Any Member of Parliament representing a Lewisham constituency is dealing with a huge range of difficult educational and social issues. I had the opportunity to visit Haberdashers’ Aske’s Knights Academy, which has a sixth form, in Lewisham last Friday. I had a chance to talk to the students and principals there and they would like to see several changes, broadly in line with the coalition Government’s education policy. One position that I think is shared between the right hon. Lady, me and the students to whom I spoke is the belief that any replacement for the EMA needs to be, as my hon. Friend the Member for Cambridge (Dr Huppert) pointed out, targeted on those in the most need. Of course, those people will be more heavily represented in a constituency such as the right hon. Lady’s.
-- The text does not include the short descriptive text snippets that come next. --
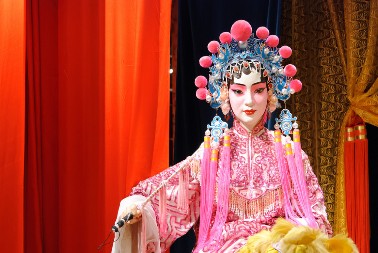 Detaljan kineski horoskop za 2025. godinu: Evo ko će pronaći srodnu dušu, a ko će sedeti na "rudniku zlata"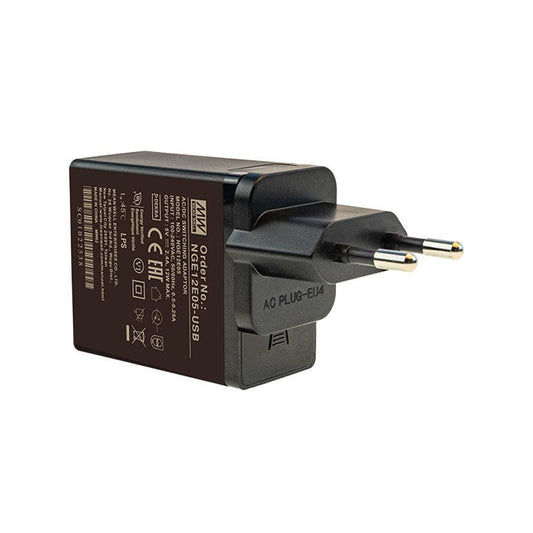 NGE12E05-USB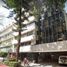 2 Habitación Departamento en venta en Miguel Hidalgo, Ciudad de México, Miguel Hidalgo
I shall have something more to say on EMA if I am called to speak later, but on transport let me set out the situation in north Lincolnshire. When our Labour-run council came to power it increased the cost of the post-16 travel pass by 500%, so it was giving money with one hand through the EMA and taking it back with the other through the transport passes, which went up from £30, when the Conservatives ran the council, to £180—and they are now £195. Will the Secretary of State ensure that whatever replaces EMA will provide for people in constituencies such as mine who live in very rural areas, for whom getting to college is a great expense?
My hon. Friend makes a very good case. As he is a former teacher and he came to the House to advance social mobility, I take seriously everything he says on these issues.
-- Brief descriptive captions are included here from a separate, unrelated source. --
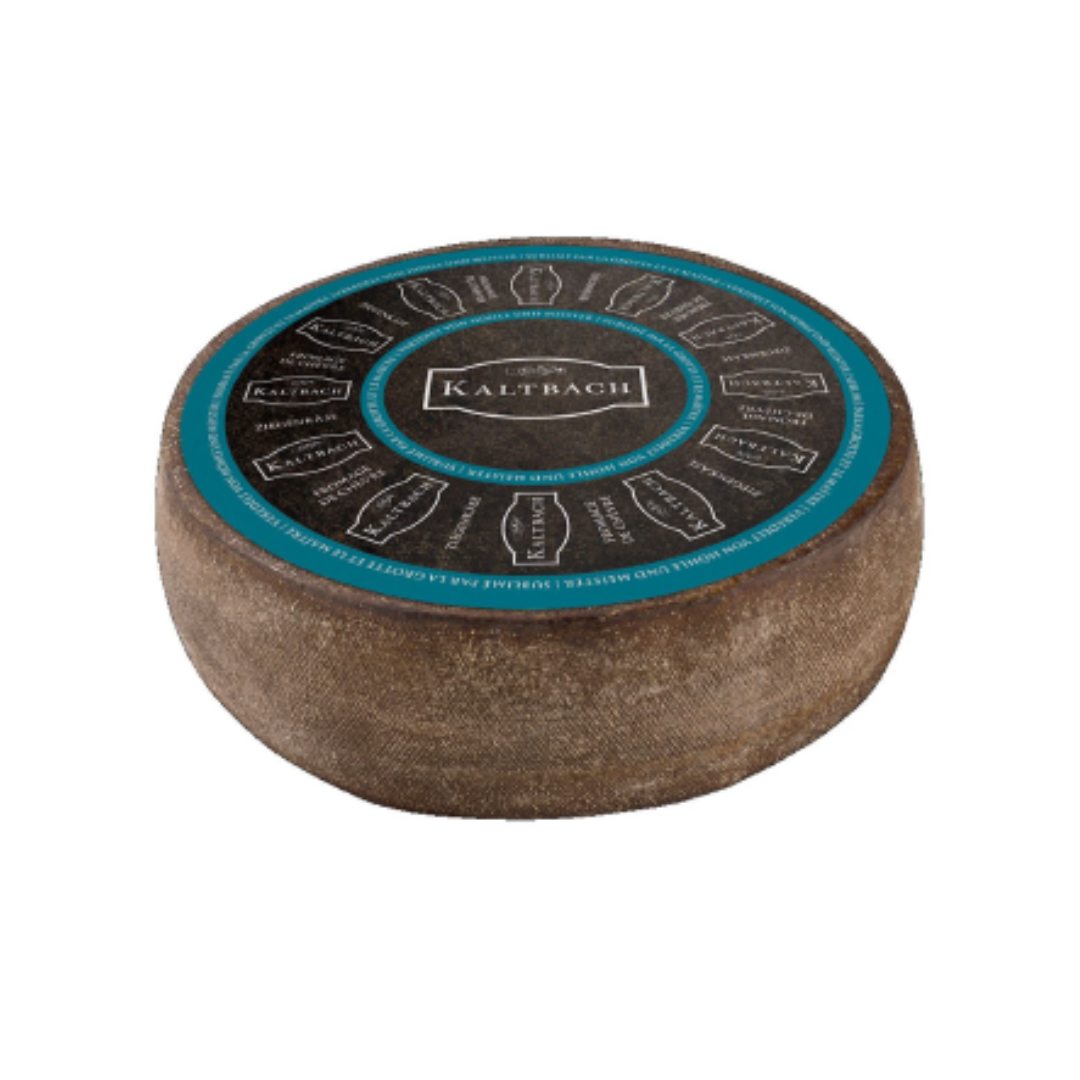 Kalbath Goat Cheese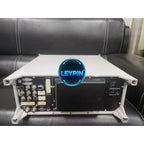 Rohde & Schwarz R&S FSQ3 Wideband Vector Signal Analyzer 3.6GHz     lexso
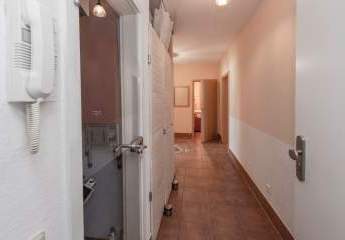 380138-Vorschaubild4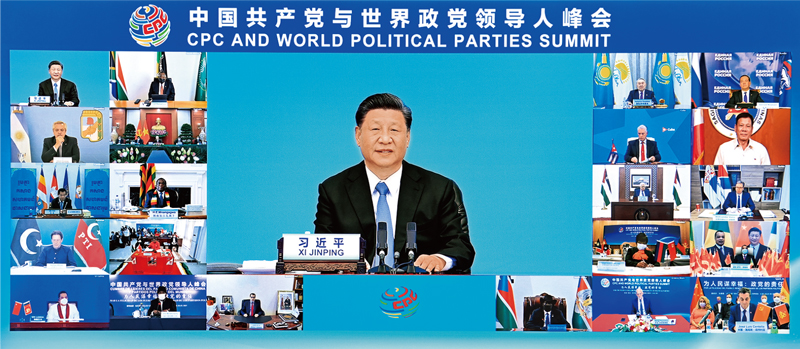 图片 3.png
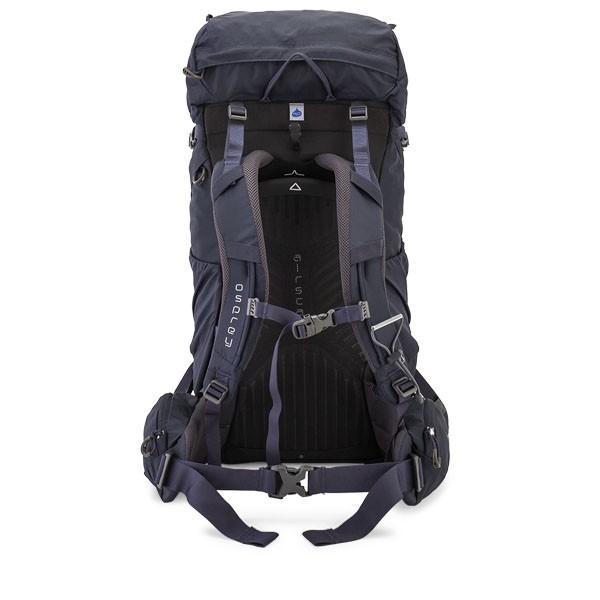 Osprey - 【美品】オスプレイ カイト 36 ウィメンズS OS50136001A_webk36.jpg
On a point of order, Mr Deputy Speaker. The hon. Member for Cambridge (Dr Huppert) is tweeting from the Chamber right now that the shadow Secretary of State has refused to meet the right hon. Member for Bermondsey and Old Southwark (Simon Hughes), but in fact the shadow Secretary of State has already met him, and is prepared to meet him at any time. Is it in order for a Member, in the course of a debate, to make points about participants in the debate without doing it here so that everyone can hear the point they are making and have an opportunity to rebut it?
What I can say is that it is for me to keep order in the Chamber. I am glad that the hon. Gentleman has brought this to my attention, and I am sure that no hon. Member will be tweeting from the Chamber to let people outside know what is going on.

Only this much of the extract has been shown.